- No labels
This page describes the requirements and best practices in place within SOM to protect data. While most security policies and standards are applied to systems, the ultimate goal of these is to protect data within the environment. This may be student data, research data, demographic and administrative data, and so much more. There are certain legal requirements and ethical concerns that must be considered when looking at options for protecting this data. In general, SOMTech leads toward protecting managed devices and data as if it is category 1 data. The goal of this page is to describe how SOMTech protects the data and to help SOM faculty, staff, and students protect data they are using while still being productive.
If you are interested in meeting with SOMTech to discuss ways that you can effectively work while still following VCU, VCU Health, and SOMTech security and privacy standards (among others), please submit a ticket requesting a meeting.

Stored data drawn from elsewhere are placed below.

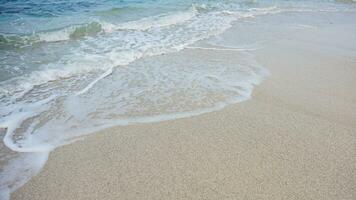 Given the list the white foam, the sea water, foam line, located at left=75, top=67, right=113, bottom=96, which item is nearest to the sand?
the sea water

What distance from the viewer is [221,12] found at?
42.2ft

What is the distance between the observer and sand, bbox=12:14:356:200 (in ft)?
9.52

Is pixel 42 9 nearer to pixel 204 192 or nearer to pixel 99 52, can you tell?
pixel 99 52

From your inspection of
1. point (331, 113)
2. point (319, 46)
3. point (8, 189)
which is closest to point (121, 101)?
point (8, 189)

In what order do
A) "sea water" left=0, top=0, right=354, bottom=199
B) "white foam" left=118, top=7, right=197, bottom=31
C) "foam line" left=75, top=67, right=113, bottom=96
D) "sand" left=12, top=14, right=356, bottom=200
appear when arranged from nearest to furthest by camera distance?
"sand" left=12, top=14, right=356, bottom=200 < "sea water" left=0, top=0, right=354, bottom=199 < "foam line" left=75, top=67, right=113, bottom=96 < "white foam" left=118, top=7, right=197, bottom=31

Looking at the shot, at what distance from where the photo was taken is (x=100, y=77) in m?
5.66

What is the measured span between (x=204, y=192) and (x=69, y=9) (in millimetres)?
11384

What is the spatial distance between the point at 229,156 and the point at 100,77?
307 centimetres

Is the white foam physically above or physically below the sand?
above

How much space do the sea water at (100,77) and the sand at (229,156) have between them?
311mm

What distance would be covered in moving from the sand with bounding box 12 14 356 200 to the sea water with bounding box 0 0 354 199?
0.31 metres

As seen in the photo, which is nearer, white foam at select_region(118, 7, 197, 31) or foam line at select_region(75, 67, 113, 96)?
foam line at select_region(75, 67, 113, 96)

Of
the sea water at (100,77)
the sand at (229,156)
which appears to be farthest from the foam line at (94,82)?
the sand at (229,156)

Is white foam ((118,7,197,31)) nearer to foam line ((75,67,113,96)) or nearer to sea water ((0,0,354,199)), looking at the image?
sea water ((0,0,354,199)) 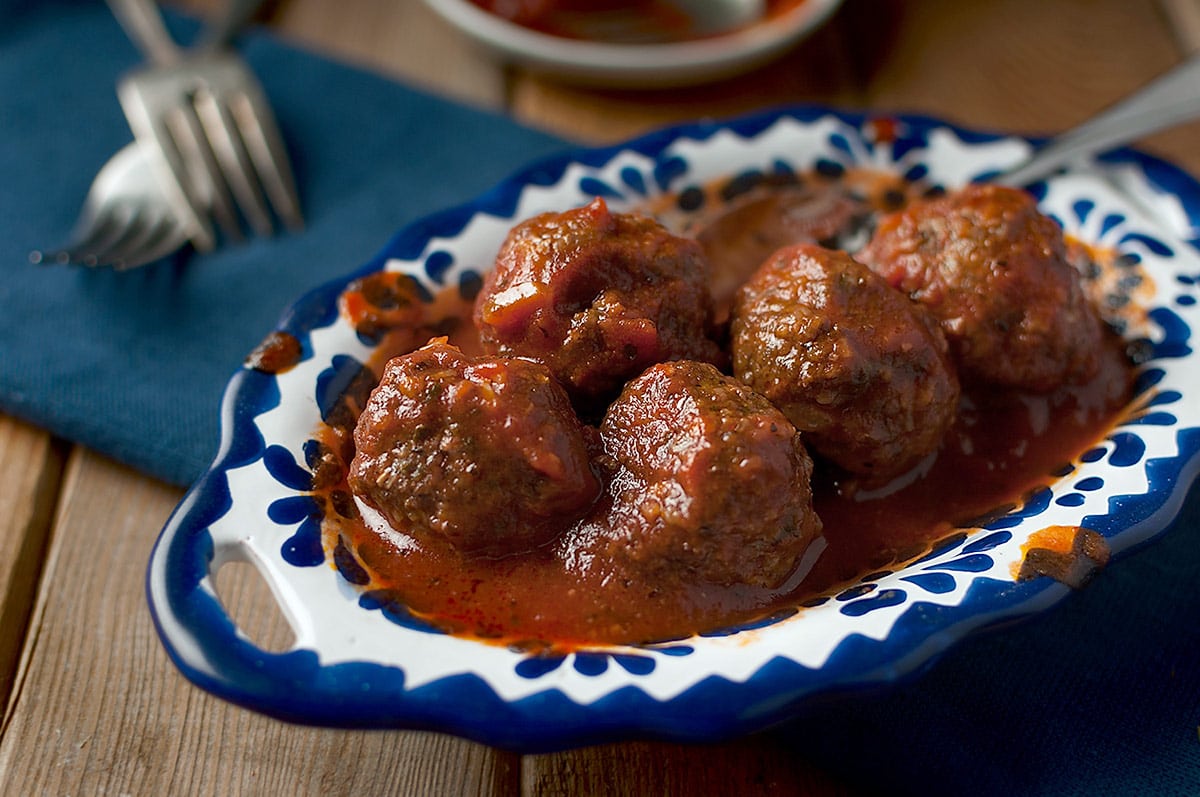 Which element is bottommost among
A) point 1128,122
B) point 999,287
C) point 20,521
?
point 20,521

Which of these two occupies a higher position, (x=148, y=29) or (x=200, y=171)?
(x=148, y=29)

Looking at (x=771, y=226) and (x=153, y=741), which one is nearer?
(x=153, y=741)

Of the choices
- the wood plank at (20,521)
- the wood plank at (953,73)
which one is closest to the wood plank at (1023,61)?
the wood plank at (953,73)

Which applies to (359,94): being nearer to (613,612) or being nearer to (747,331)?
(747,331)

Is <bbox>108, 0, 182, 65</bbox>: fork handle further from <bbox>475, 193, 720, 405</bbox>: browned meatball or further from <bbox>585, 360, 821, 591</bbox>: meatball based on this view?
<bbox>585, 360, 821, 591</bbox>: meatball

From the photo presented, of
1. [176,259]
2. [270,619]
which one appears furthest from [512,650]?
[176,259]

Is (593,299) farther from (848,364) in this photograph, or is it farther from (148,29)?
(148,29)

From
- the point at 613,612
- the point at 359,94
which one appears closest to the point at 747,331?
the point at 613,612

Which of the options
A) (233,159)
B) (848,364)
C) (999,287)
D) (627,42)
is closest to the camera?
(848,364) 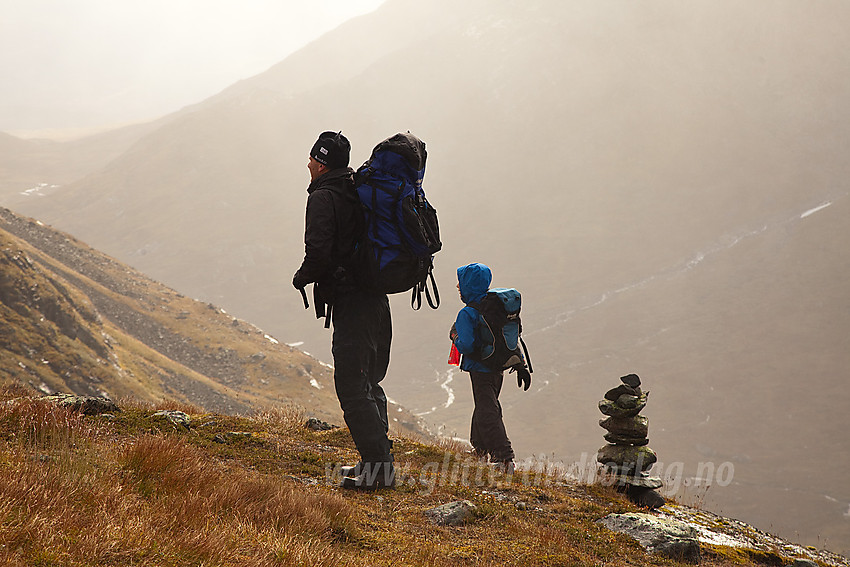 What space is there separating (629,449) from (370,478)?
3768mm

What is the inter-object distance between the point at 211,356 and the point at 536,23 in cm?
15200

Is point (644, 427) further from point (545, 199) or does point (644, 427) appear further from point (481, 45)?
point (481, 45)

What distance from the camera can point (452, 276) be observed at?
357 ft

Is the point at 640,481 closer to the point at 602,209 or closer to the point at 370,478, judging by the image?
the point at 370,478

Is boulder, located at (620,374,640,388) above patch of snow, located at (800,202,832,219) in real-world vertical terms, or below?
below

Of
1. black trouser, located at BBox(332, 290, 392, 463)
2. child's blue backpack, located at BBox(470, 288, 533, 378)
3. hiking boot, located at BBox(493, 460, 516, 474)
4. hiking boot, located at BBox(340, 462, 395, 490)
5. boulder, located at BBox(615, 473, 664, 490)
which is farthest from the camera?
child's blue backpack, located at BBox(470, 288, 533, 378)

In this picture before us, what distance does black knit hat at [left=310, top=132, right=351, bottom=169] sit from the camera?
5406 millimetres

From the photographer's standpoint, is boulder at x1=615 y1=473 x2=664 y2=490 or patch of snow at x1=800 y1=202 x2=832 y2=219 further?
patch of snow at x1=800 y1=202 x2=832 y2=219

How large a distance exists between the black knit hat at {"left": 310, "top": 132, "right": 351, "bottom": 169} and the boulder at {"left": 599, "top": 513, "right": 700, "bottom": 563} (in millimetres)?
4254

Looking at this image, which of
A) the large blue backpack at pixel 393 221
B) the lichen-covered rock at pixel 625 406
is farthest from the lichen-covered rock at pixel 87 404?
the lichen-covered rock at pixel 625 406

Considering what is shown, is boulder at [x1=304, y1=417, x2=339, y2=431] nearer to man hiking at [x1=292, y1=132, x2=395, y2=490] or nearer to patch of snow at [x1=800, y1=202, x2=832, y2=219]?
man hiking at [x1=292, y1=132, x2=395, y2=490]

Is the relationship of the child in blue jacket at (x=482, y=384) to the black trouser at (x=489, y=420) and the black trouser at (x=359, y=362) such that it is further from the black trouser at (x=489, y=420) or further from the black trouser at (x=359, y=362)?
the black trouser at (x=359, y=362)

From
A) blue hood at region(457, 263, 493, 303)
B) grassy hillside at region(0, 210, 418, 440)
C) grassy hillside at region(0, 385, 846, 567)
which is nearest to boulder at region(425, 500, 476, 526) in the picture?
grassy hillside at region(0, 385, 846, 567)

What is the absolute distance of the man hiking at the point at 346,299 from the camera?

One of the easiest ways to verifiably protect data is for it to be encrypted. VCU has an encryption standard which outlines when and how data should be encrypted. While this is not exhaustive (please read the standard), the primary times that data must be encrypted is as follows:
- Laptops (all laptops must be encrypted with a managed encryption solution)
- Category 1 data not stored on centrally secured and approved storage (e.g. VCU Health OneDrive, SOM T:\ and U:\ drives, and VCU Health H:\ and S:\ drives)
- Category 1 and 2 data transferred over untrusted networks
- Category 1 data being emailed and transferred over any network
External Media Encryption
Over the years, SOMTech has enforced encryption on flash drives primarily using 2 different solutions (IronKey drives and DDPE). In 2021, these solutions are being phased out. More details are below, but if you have any questions or concerns, please submit a ticket to SOMTech.
SOMTech and VCU Health provided hardware-encrypted IronKey devices for many years. These devices required a password every time they were used, but worked on both VCU and VCU Health computers. They were also able to be used on any computer without administrative rights. If the password was forgotten, SOMTech could reset the password administratively (on SOMTech-managed drives). VCU Health used unmanaged IronKey drives which meant that they weren't able to help with forgotten passwords. They stopped providing IronKey drives in 2019.
IronKey Drives Phase-out Plan
SOMTech will no longer be supporting the IronKey drives in 2021. Starting in 2021, it is unlikely that SOMTech will be able to help you reset your password if you forget it. This means that your data will be unrecoverable if you forget your password. The drives also have a self-destruct security feature after entering your password incorrectly 10 times.
SOMTech and VCU Health recommend that you use the VCU Health instance of Microsoft OneDrive in replacement of the IronKey drives. OneDrive is a secure location where HIPAA data can be stored and accessed from any computer or device connected to the internet. Google Drive is also a reasonable alternative, but functionality is limited and there is not as much integration with email and other Microsoft Office tools.
In order to protect any data on IronKey drives, we are strongly encouraging that everyone who has an IronKey drive to please follow these steps:
- Copy all data off of your IronKey drive
- If you have forgotten how to use your IronKey drive or have forgotten your password, please submit a ticket to SOMTech. Do not attempt to login more than a few times as the drive will self-destruct after 10 incorrect attempts.
- Physically send your IronKey to SOMTech so that they can be removed rom the environment. Please do not include the password.
- Campus mail: Send to SOMTech, Box 980565
- Drop off: Drop off in the bin outside of the SOMTech Client Services office in Sanger Hall, B1-039 (near the rest rooms)
DDPE External Media Encryption
Information about the migration away from DDPE External Media Encryption will be coming soon.